#### WHAT YOU NEED TO DO
Your reply should hold every record exactly as given, with no pictures in it.

#### EXERCISE DATA
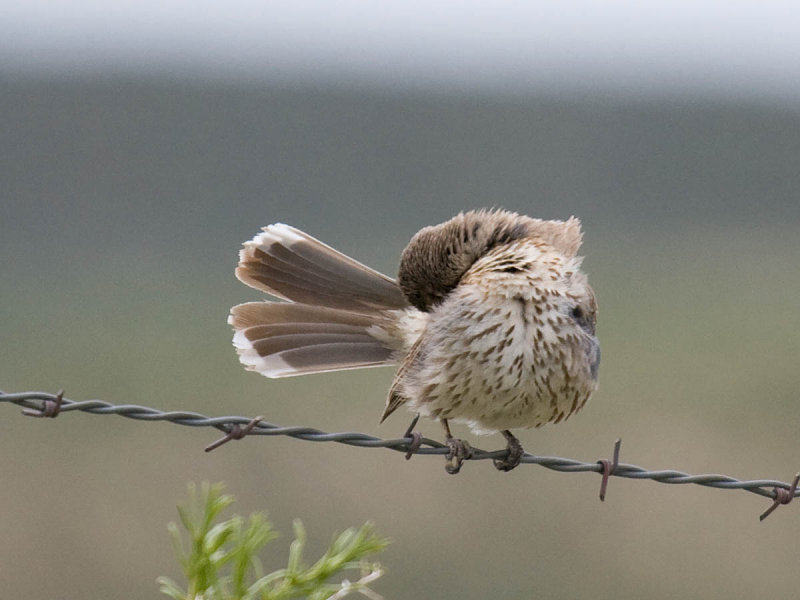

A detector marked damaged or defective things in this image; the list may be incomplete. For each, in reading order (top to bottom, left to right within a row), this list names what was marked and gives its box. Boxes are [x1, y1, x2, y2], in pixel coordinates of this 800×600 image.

rusty barbed wire [3, 390, 796, 520]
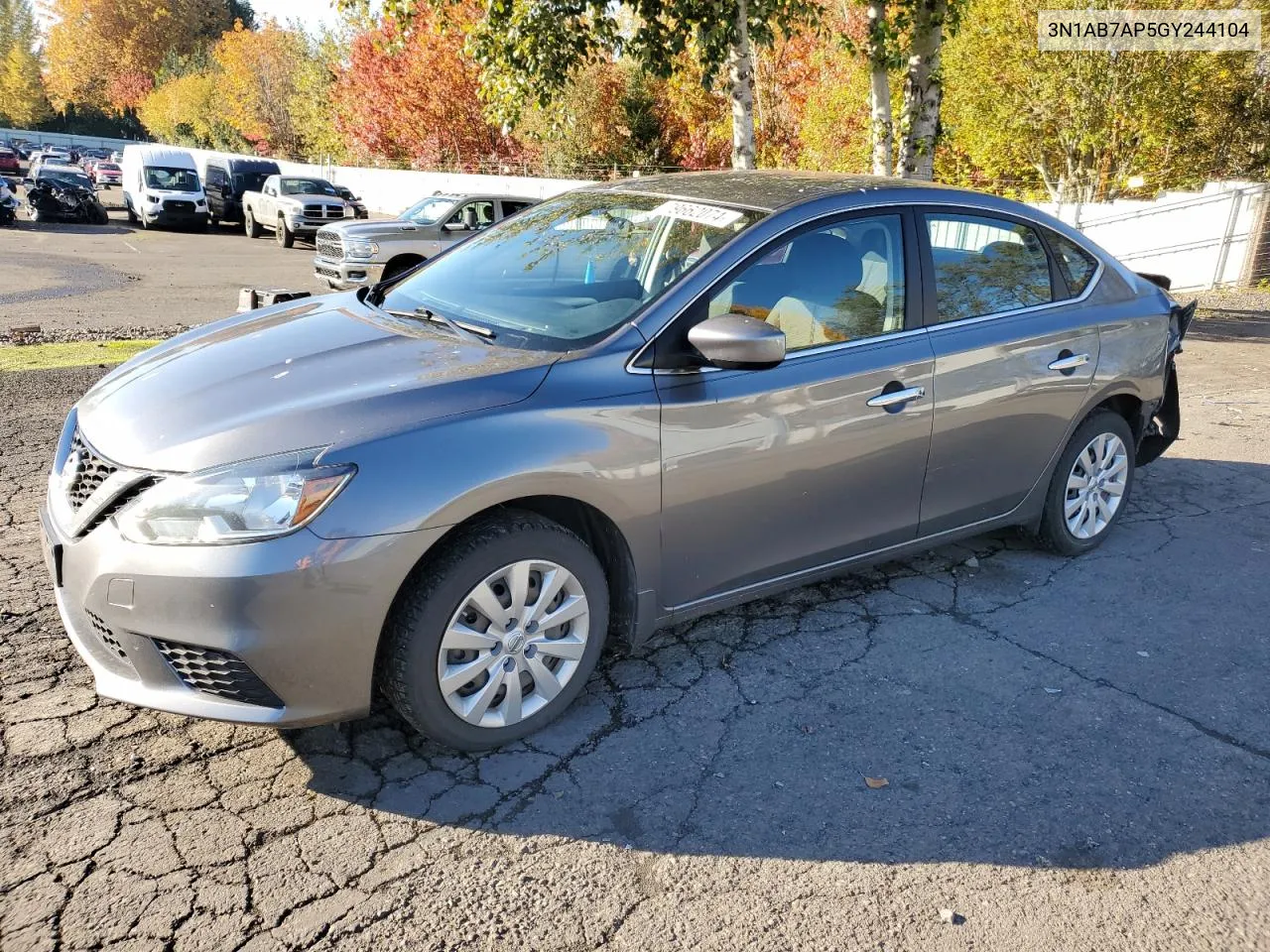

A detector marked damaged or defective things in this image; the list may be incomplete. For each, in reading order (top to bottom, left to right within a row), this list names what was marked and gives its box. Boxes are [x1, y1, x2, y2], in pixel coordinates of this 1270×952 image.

damaged car [40, 174, 1189, 751]
cracked asphalt [2, 320, 1270, 949]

#### THE ANSWER
A detector marked damaged or defective things in this image; the list may be incomplete. For each, in reading order (top to bottom, left to right within a row), this list names what was marked and gives its box. Boxes are [x1, y1, x2, y2], in pixel coordinates of this 800×600 image.

rusty barbed wire [3, 390, 796, 520]

A detector marked damaged or defective things in this image; the list may be incomplete. For each, in reading order (top to bottom, left to right within a row), this list names what was marked and gives its box. Boxes are [x1, y1, x2, y2], in pixel coordinates of this 1270×952 image.

damaged car [40, 174, 1189, 751]
cracked asphalt [2, 320, 1270, 949]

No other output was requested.